→ ABOUT THIS EXERCISE: Which of the lines below holds the string "Color"? Copy every line that does.

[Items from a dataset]
=-=-=
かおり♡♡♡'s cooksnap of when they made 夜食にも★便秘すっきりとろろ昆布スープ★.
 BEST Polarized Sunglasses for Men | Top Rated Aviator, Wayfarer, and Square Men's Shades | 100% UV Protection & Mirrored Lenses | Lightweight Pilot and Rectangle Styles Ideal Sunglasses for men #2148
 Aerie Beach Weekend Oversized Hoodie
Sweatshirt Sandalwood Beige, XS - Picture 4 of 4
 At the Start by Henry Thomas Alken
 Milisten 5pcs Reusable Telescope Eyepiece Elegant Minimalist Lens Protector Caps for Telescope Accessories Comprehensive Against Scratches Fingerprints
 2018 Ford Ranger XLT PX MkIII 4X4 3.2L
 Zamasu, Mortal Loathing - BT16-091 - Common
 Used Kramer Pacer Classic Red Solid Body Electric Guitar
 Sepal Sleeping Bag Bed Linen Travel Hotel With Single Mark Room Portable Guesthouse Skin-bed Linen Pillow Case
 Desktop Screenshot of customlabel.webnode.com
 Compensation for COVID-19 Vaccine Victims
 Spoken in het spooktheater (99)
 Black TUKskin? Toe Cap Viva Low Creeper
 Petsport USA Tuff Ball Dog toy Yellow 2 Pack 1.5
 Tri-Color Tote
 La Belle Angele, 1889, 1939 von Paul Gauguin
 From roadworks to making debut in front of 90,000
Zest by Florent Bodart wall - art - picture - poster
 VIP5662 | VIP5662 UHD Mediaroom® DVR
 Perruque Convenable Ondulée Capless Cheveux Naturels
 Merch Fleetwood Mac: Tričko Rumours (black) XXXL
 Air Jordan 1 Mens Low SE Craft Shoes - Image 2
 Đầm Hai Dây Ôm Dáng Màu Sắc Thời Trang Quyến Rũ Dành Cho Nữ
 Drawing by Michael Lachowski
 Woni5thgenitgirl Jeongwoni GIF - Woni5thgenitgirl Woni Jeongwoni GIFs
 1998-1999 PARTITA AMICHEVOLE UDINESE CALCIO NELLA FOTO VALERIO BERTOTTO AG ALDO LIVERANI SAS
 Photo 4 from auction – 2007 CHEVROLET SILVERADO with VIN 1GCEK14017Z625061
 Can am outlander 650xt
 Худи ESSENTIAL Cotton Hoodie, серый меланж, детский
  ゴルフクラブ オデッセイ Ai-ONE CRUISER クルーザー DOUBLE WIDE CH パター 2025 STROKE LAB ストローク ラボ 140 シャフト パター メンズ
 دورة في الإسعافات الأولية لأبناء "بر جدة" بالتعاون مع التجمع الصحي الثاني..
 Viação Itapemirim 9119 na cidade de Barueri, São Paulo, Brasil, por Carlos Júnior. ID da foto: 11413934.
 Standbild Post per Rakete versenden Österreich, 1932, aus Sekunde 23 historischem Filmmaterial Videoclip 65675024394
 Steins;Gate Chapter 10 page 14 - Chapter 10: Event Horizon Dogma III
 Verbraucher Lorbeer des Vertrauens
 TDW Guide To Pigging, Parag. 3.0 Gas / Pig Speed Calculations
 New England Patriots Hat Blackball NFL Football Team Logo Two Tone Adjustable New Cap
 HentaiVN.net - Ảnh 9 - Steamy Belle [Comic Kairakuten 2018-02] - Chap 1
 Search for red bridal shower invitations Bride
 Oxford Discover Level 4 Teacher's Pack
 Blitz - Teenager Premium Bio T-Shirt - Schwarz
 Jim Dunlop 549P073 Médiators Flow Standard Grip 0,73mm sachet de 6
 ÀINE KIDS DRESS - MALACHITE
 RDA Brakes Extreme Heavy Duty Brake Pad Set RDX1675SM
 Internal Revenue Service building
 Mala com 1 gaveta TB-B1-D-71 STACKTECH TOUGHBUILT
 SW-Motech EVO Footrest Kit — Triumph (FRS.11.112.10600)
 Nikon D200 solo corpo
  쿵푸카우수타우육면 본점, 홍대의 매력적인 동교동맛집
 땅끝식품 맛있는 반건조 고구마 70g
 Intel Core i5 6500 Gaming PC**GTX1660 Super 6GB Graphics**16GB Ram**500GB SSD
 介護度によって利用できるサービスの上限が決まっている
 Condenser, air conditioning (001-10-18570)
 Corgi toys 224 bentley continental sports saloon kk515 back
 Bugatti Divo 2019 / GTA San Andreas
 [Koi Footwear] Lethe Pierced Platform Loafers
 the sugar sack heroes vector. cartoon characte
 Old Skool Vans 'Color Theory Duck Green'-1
=-=-=
→ EXERCISE OUTPUT:
 Tri-Color Tote
 Old Skool Vans 'Color Theory Duck Green'-1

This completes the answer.